ABRAHAM PINEDA-JACOME/EPA / PAP
Kosmos

Starship: danse macabre, czyli kosmiczny sukces SpaceX

Starship, największa i najpotężniejsza rakieta w historii, znów eksplodowała
Kosmos

Starship, największa i najpotężniejsza rakieta w historii, znów eksplodowała

Rakieta Starship znów eksplodowała, nim doleciała do celu, i znów ogłoszono sukces. SpaceX robi postępy, ale czy zdąży na drugi podbój Księżyca?

Płonące szczątki rakiety firmy SpaceX jeszcze spadały ku wodom Zatoki Meksykańskiej, gdy inżynierowie z centrum kontroli lotu zaczęli oblewać się szampanem. Mieli dobre powody?

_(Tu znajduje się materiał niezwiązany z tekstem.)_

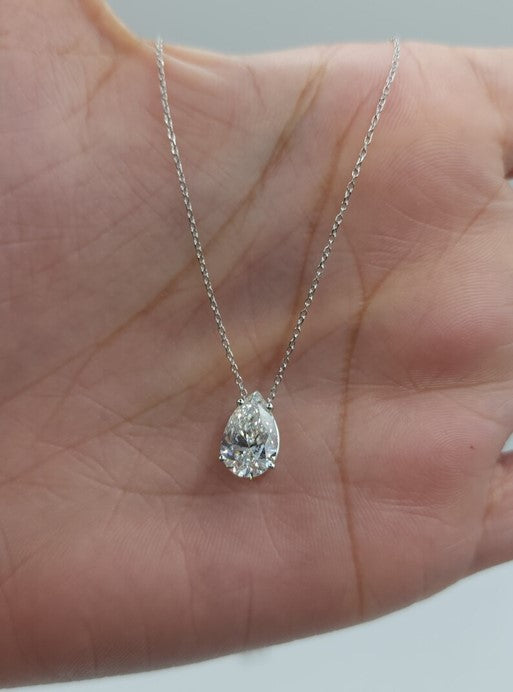 14Kt Gold 2 Ct Attached on Chain Teardrop Lab Grown Diamond Pendant Necklace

Przebieg zdarzeń był dramatyczny jak w scenariuszu Hitchcocka. Zaczęło się – dosłownie – od trzęsienia ziemi, płomieni i gigantycznej chmury dymu, jakby na stanowisku startowym Starbase w Boca Chica pod Brownsville w południowym Teksasie wybuchła paliwowa car-bomba. Rozedrgany obraz kamery, która zarejestrowała ścianę uderzeniową spalin pochłaniającą samotną palmę (rosnącą notabene w całkiem sporej odległości od instalacji kosmodromu), przywodził na myśl historyczne nagrania z atolu Bikini, gdzie USA detonowały bomby atomowe.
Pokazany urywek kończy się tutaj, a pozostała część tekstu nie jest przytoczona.